## Dataset extract
--
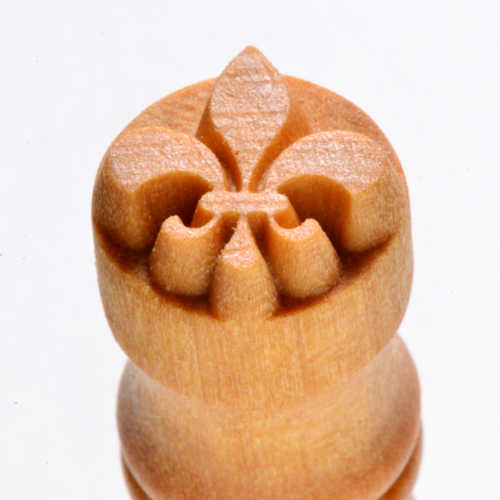Scs-130 Small Round Stamp – Fleur-de-lis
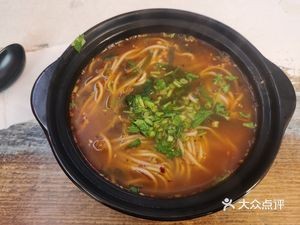 Chongqing Chicken Pot with Braised Pork Buns (Longjiu Center Branch)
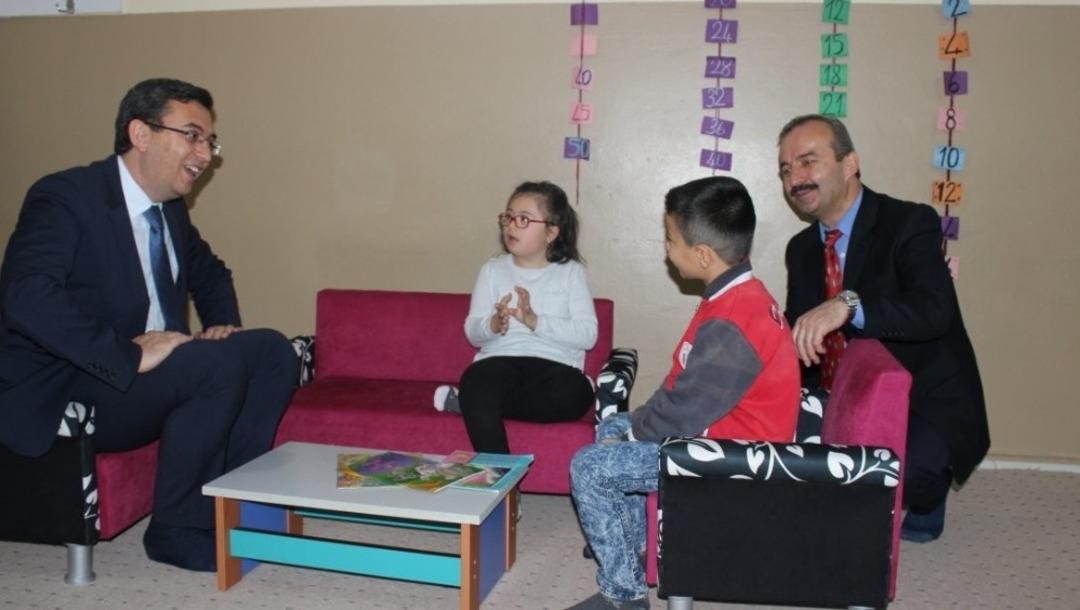 Burunkaya Şehit Emrah Kartal İlkokulun&rsquo;da k&uuml;t&uuml;phane a&ccedil;ılışı yapıldı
--
## Assignment
From the first line to the last, set down the data exactly, without the pictures.

## Result of the task
Scs-130 Small Round Stamp – Fleur-de-lis
 Chongqing Chicken Pot with Braised Pork Buns (Longjiu Center Branch)
 Burunkaya Şehit Emrah Kartal İlkokulun&rsquo;da k&uuml;t&uuml;phane a&ccedil;ılışı yapıldı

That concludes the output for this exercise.